パターソン出身には、アメリカを代表する二人の詩人 ウィリアム・カーロス・ウィリアムズ(1883~1963)とアレン・ギンズバーグ(1926~1997)が、いてウィリアム・カーロス・ウィリアムズは、パターソン市の小児科医にして詩人でした。
ビートニク詩人のアレン・ギンズバーグは、現代アメリカ文学・芸術(演劇・ロック)に大いに影響を与えました。
パターソン出身といえば、白人警官によるデッチあげ殺人の冤罪で20年間刑務所に服役した黒人の元プロボクサー ルービン・カーター(1999年映画「ザ・ハリケーン」の主人公、ボブ・ディランも名曲「ハリケーン」で激しく抗議しアメリカ社会を告発)が、います。
静謐かつ情感あふれる映像を撮ったのは、名撮影監督 フレデリック・エルムス1946~、1987年「ブルーベルベット」、1991年「ワイルド・アット・ハート」、2009年「脳内ニューヨーク」、2013年「25年目の弦楽四重奏」など多くの名作を撮影)です。
映画のストーリーは、月曜日から日曜日まで7日間のその日の始まりが、スクリーンにクレジットされ、朝6時過ぎに起きるところからパターソンの一日をカメラは、追います。
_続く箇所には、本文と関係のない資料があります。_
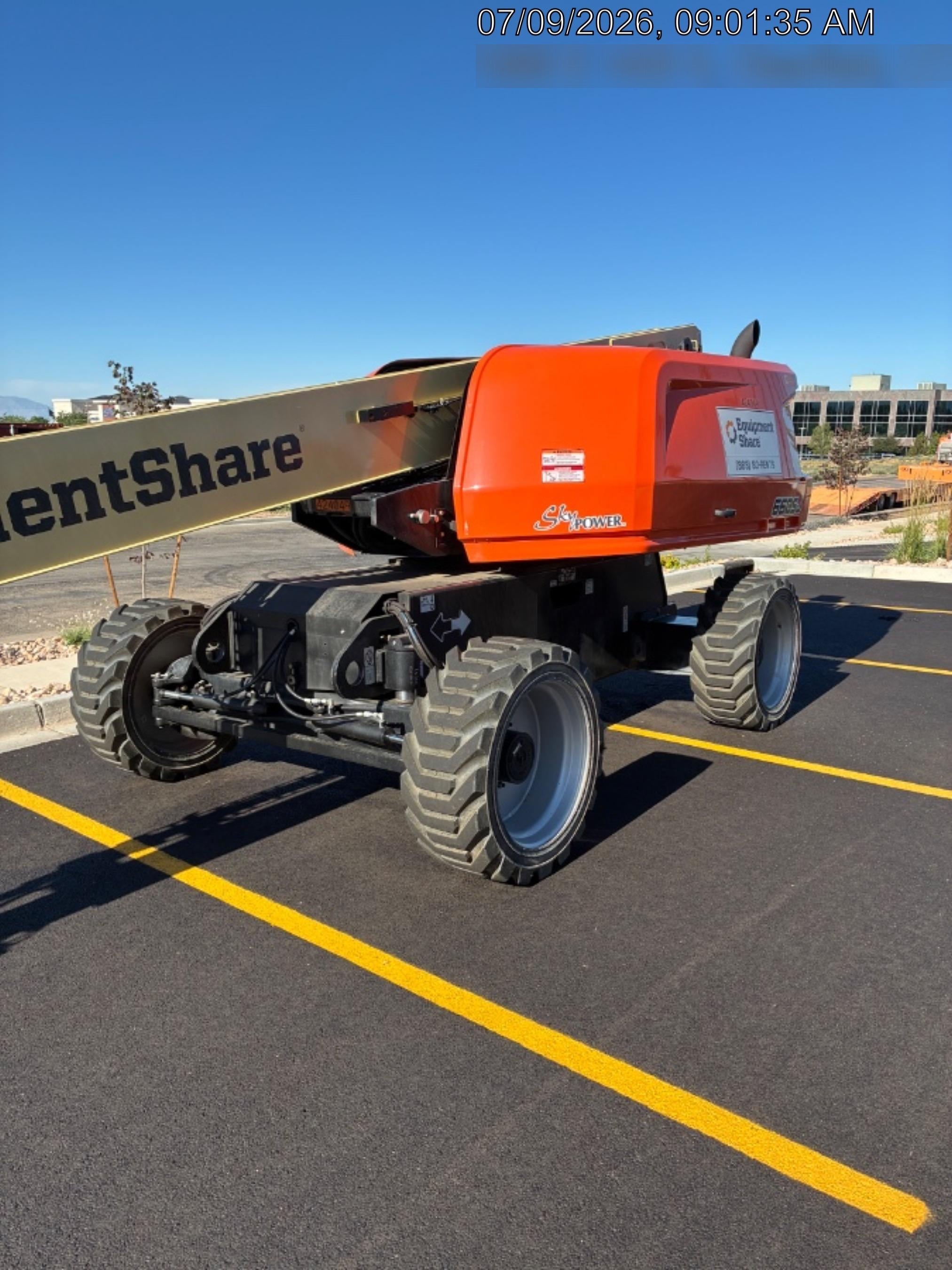 2024 JLG 660SJ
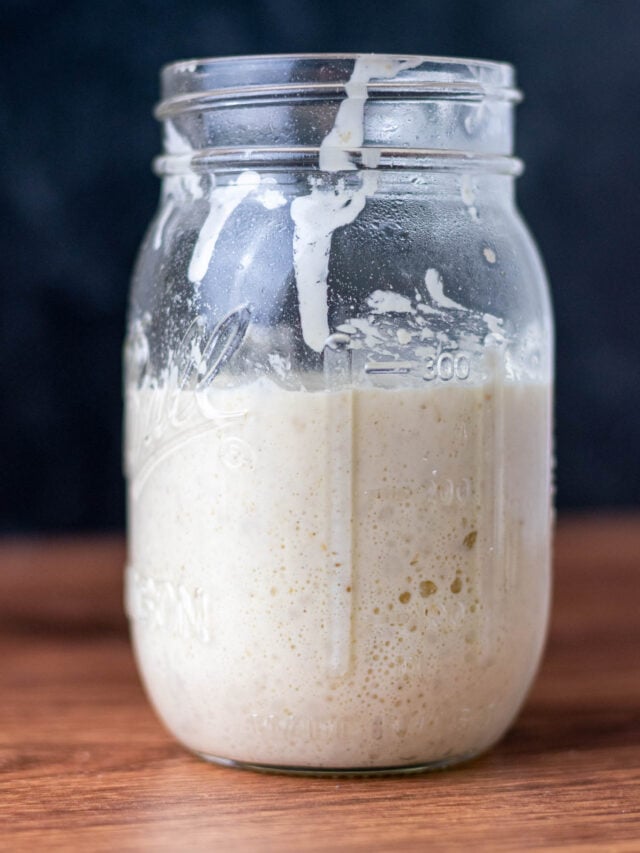 cropped-Sourdough-starter-levain-in-Jar.jpg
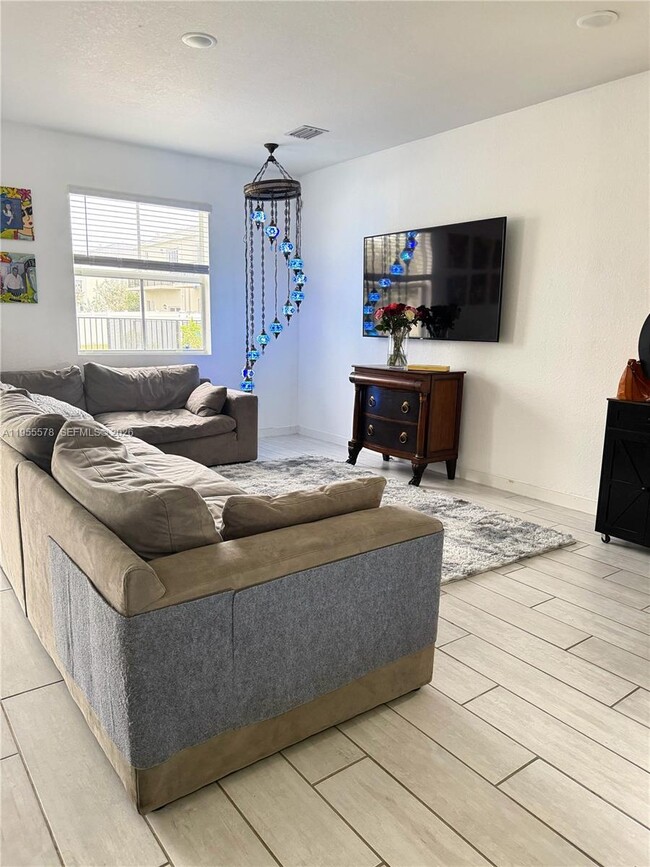 Photo - 1783 SE 7th Ter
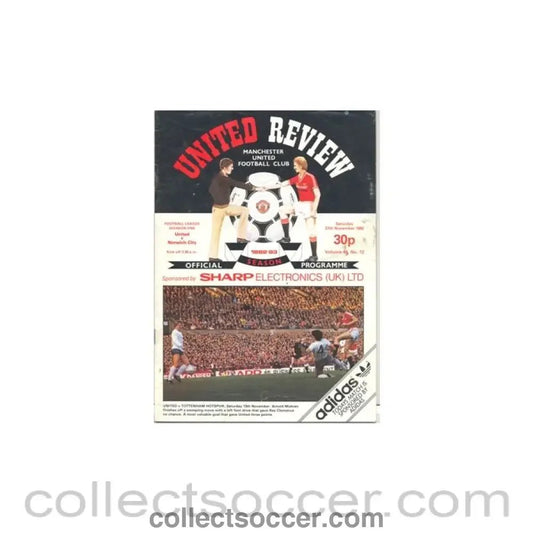 1982 - Manchester United v Norwich City official programme 27/11/1982 - Collect Soccer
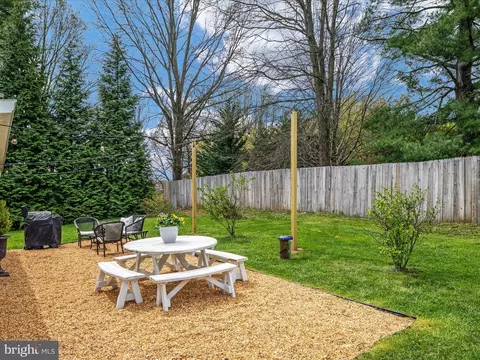Exterior - 38923 Paynes Ln, Hamilton, VA 20158 photo 12 of 15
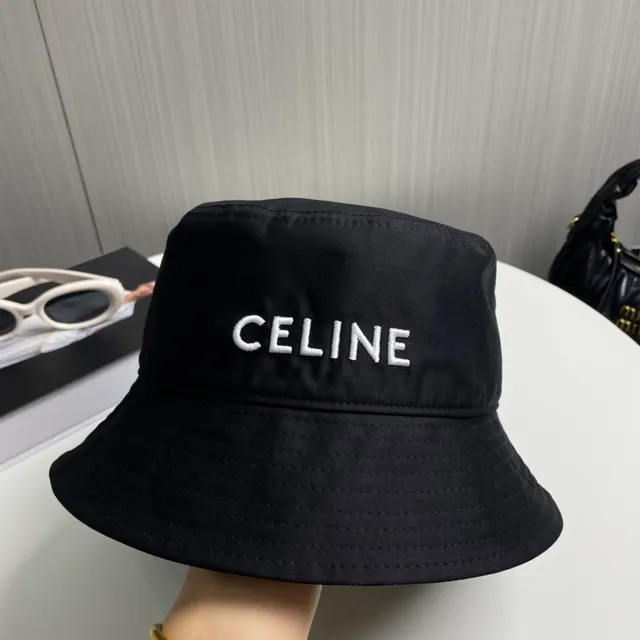 Celine Casquette Seau Noire avec Logo Brodé 9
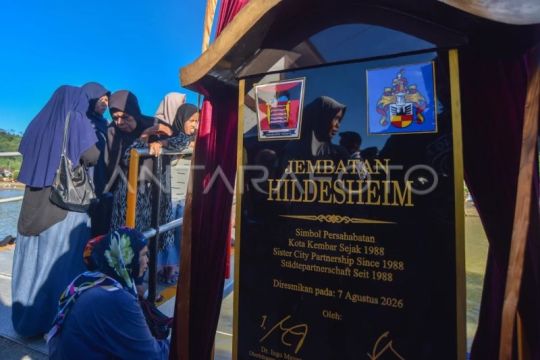 Peresmian jembatan Hildesheim di Padang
映画の中でパターソンが、作る詩も字幕で映し出されていきます。
パターソンの詩は、ジャームッシュ監督が、詩人ロン・バジェット(1942~)に依頼したそうで映画のために創った詩も数篇あるようです。
パターソンと妻ローラの穏やかで静かな日々に小さな波風を立てるのが、不細工で素っ頓狂な愛犬ブルドッグのマーヴィンです。
マーヴィンを演じたイングリッシュ・ブルドッグのネリーは、その名演でカンヌ国際映画祭‘パルム・ドッグ賞’を受賞 ‥ 映画の撮影後死去したネリーにジャームッシュ監督は、エンドクレジットの最後に「ネリーに捧げる」と弔意を表わしています。
パターソンと横で眠る妻ローラの和やかな毎朝のベッドもジャームッシュ監督の演出は、とても繊細で夫婦愛を観念的に見せるのではなく、ひと朝だけベッドのシーツから下着を付けていないローラの左大腿部が、はみ出しているシーンには、その夜愛し合う二人が、セックスしたことをさらりと的確に表現するディテールの丁寧さに感服しました。
ジャームッシュ監督お気に入りの日本人俳優 永瀬正敏(1966~)が、映画の終盤、詩人の街パターソンを訪ねた日本人として登場、大切な詩作ノートを愛犬マーヴィンに喰い破られ公園で気落ちしているパターソンに新しいノートをプレゼントし励ます詩人の役でした。